Scraped caption text data
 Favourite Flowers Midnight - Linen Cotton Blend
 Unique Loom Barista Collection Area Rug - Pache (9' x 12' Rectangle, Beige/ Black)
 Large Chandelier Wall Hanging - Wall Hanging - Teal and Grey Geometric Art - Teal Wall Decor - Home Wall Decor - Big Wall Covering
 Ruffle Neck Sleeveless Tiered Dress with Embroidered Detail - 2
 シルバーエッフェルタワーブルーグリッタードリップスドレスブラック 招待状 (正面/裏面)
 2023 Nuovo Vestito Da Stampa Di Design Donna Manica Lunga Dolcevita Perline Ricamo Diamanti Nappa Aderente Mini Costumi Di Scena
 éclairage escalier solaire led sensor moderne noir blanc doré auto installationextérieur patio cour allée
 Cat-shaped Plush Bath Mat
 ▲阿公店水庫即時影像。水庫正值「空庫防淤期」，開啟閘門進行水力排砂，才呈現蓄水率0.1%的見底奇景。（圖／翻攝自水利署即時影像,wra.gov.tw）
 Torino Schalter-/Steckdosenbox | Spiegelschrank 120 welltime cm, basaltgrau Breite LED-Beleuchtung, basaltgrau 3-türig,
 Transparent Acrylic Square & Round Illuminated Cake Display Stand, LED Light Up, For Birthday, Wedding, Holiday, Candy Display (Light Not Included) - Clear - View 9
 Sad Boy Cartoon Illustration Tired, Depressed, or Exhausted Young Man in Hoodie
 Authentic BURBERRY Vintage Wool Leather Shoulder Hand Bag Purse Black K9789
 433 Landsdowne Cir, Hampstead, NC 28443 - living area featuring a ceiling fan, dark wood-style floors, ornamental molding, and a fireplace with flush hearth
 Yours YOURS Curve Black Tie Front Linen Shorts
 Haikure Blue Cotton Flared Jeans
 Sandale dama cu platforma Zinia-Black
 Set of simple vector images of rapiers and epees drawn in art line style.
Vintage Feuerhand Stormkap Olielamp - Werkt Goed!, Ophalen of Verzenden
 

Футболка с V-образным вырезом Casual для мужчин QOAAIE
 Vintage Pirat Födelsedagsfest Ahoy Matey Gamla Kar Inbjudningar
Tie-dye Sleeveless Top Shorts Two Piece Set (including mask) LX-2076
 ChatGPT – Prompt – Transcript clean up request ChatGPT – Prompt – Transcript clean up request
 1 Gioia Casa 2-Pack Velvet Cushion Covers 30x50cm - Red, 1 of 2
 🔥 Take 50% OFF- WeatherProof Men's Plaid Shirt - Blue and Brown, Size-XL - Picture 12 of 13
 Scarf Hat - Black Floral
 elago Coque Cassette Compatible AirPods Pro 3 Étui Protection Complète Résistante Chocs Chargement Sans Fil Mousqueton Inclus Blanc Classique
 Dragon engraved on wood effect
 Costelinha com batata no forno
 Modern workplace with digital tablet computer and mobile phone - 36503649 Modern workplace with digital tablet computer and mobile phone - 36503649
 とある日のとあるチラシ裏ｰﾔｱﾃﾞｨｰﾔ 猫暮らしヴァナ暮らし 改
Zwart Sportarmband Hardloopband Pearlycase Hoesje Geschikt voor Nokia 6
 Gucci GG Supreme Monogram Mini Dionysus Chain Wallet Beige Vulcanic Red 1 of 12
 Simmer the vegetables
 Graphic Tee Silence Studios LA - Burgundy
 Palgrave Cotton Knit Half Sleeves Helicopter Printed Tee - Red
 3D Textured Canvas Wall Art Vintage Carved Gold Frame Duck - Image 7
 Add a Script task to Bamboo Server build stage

■ EXERCISE OBJECTIVE ■
The lines from the one holding "elago Coque Cassette" to the final line of the entries, both included, are what should be output, exactly and alone.

■ RESULT OF THE TASK ■
 elago Coque Cassette Compatible AirPods Pro 3 Étui Protection Complète Résistante Chocs Chargement Sans Fil Mousqueton Inclus Blanc Classique
 Dragon engraved on wood effect
 Costelinha com batata no forno
 Modern workplace with digital tablet computer and mobile phone - 36503649 Modern workplace with digital tablet computer and mobile phone - 36503649
 とある日のとあるチラシ裏ｰﾔｱﾃﾞｨｰﾔ 猫暮らしヴァナ暮らし 改
Zwart Sportarmband Hardloopband Pearlycase Hoesje Geschikt voor Nokia 6
 Gucci GG Supreme Monogram Mini Dionysus Chain Wallet Beige Vulcanic Red 1 of 12
 Simmer the vegetables
 Graphic Tee Silence Studios LA - Burgundy
 Palgrave Cotton Knit Half Sleeves Helicopter Printed Tee - Red
 3D Textured Canvas Wall Art Vintage Carved Gold Frame Duck - Image 7
 Add a Script task to Bamboo Server build stage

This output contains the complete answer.